Collected data entries:
*** Block opens ***

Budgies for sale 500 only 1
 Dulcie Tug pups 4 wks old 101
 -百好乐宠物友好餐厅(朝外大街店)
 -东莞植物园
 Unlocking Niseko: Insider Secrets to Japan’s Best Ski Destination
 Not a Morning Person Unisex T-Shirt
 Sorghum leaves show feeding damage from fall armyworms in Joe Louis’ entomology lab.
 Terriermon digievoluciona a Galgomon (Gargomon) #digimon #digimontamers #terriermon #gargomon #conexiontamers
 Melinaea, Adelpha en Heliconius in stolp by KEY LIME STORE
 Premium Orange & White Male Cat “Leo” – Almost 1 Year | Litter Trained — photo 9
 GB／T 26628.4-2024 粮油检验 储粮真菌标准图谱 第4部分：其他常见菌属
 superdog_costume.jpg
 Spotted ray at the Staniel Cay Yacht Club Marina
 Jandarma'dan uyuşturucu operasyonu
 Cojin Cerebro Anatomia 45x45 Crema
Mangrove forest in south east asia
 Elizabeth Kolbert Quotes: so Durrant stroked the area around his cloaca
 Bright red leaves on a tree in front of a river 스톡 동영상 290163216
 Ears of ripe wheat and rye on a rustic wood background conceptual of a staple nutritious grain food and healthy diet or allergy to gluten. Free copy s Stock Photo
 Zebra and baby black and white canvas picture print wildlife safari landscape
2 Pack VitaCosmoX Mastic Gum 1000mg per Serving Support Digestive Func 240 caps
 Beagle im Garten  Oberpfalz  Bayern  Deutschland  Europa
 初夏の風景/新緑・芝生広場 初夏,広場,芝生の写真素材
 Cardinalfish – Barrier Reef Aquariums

*** Block closes ***

◆ **TO DO**
From the line containing "Beagle im Garten" to the last line above, repeat every line exactly and nothing else.

◆ **ANSWER TO THIS TASK**
 Beagle im Garten  Oberpfalz  Bayern  Deutschland  Europa
 初夏の風景/新緑・芝生広場 初夏,広場,芝生の写真素材
 Cardinalfish – Barrier Reef Aquariums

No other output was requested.